# [YOUR INSTRUCTIONS]
Starting at the top of the records, output every line through the one that contains "Statua del faraone", keeping each exactly as it appears.

━━━━━━━━━━━━━━━━━━━━

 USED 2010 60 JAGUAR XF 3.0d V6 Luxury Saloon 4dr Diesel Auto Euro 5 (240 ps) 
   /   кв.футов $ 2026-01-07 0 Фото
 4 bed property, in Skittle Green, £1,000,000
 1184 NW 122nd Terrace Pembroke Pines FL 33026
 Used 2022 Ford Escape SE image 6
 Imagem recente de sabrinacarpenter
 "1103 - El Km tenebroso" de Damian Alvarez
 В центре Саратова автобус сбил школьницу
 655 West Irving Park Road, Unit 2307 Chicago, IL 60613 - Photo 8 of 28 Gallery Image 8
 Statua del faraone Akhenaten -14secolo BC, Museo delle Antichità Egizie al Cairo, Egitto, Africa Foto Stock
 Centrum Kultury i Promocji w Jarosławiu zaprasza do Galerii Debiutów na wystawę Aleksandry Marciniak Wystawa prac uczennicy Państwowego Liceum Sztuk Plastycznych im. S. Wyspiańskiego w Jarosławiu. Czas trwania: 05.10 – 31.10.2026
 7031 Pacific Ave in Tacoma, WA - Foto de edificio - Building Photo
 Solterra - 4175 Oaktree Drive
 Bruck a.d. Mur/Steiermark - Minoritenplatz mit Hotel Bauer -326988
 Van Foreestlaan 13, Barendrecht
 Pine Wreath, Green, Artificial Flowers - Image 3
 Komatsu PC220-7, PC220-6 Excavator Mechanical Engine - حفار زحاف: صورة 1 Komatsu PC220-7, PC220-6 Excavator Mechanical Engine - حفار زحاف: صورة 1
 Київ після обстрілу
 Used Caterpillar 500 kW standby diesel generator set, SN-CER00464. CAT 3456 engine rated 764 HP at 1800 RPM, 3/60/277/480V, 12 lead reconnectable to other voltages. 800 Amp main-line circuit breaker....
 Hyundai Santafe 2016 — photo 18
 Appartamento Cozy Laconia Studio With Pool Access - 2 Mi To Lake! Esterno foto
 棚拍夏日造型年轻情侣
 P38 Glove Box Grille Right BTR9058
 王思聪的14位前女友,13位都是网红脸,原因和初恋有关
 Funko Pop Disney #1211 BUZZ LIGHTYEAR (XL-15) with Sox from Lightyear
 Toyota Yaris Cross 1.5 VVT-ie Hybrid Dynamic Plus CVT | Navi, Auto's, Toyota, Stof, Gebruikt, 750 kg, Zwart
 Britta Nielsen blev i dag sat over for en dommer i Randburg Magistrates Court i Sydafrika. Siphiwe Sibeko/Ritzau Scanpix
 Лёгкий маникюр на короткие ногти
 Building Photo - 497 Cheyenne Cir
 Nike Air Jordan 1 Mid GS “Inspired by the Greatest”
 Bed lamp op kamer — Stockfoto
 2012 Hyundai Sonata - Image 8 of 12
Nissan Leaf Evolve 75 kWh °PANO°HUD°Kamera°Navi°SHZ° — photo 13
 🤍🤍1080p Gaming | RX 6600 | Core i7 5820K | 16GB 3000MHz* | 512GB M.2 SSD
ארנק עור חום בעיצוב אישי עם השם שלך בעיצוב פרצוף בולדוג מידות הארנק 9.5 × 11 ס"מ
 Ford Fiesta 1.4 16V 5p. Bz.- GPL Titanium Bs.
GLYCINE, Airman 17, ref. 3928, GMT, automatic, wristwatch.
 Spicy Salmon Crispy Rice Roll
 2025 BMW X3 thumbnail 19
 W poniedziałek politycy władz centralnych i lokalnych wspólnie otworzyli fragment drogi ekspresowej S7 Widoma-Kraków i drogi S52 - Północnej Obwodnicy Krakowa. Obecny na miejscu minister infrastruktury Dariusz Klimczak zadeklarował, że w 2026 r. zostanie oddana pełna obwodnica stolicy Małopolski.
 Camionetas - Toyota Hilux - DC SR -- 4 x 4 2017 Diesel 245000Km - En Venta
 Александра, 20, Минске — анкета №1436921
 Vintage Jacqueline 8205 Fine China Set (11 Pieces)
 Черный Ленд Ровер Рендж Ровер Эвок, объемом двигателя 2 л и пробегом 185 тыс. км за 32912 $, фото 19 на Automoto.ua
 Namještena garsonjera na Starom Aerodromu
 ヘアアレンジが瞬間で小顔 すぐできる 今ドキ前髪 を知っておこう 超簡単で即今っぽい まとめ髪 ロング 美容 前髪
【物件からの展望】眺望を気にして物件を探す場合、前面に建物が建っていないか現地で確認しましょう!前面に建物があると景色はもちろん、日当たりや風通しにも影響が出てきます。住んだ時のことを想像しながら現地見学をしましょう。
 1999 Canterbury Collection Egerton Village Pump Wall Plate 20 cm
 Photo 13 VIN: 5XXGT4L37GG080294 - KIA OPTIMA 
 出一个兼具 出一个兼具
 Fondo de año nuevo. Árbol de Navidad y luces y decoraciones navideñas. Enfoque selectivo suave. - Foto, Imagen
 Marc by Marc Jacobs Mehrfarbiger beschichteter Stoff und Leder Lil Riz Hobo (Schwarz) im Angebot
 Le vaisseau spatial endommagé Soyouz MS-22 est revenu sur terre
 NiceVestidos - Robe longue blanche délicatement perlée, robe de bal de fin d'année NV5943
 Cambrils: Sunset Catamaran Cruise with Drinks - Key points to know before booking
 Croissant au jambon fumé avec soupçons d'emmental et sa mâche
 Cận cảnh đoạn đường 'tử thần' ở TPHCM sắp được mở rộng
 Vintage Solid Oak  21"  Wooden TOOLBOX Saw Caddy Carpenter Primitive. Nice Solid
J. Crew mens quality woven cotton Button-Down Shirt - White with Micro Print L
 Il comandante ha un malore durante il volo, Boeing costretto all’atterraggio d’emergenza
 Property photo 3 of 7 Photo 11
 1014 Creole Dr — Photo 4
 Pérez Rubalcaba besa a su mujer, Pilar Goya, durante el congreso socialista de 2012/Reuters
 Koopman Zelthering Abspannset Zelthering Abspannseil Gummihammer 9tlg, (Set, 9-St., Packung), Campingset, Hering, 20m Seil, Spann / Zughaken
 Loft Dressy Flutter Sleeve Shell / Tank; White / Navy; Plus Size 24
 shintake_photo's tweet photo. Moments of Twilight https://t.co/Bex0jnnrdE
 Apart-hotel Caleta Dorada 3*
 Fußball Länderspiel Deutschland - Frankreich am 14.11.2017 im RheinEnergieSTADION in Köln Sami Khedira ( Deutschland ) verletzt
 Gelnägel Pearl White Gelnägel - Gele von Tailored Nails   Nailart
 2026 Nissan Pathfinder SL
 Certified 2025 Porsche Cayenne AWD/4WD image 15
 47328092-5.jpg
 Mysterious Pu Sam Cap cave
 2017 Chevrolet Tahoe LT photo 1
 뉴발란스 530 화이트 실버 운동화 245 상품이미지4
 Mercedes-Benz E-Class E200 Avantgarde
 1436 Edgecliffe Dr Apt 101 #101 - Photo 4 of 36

━━━━━━━━━━━━━━━━━━━━

# [ANSWER FOR THIS EXERCISE]
 USED 2010 60 JAGUAR XF 3.0d V6 Luxury Saloon 4dr Diesel Auto Euro 5 (240 ps) 
   /   кв.футов $ 2026-01-07 0 Фото
 4 bed property, in Skittle Green, £1,000,000
 1184 NW 122nd Terrace Pembroke Pines FL 33026
 Used 2022 Ford Escape SE image 6
 Imagem recente de sabrinacarpenter
 "1103 - El Km tenebroso" de Damian Alvarez
 В центре Саратова автобус сбил школьницу
 655 West Irving Park Road, Unit 2307 Chicago, IL 60613 - Photo 8 of 28 Gallery Image 8
 Statua del faraone Akhenaten -14secolo BC, Museo delle Antichità Egizie al Cairo, Egitto, Africa Foto Stock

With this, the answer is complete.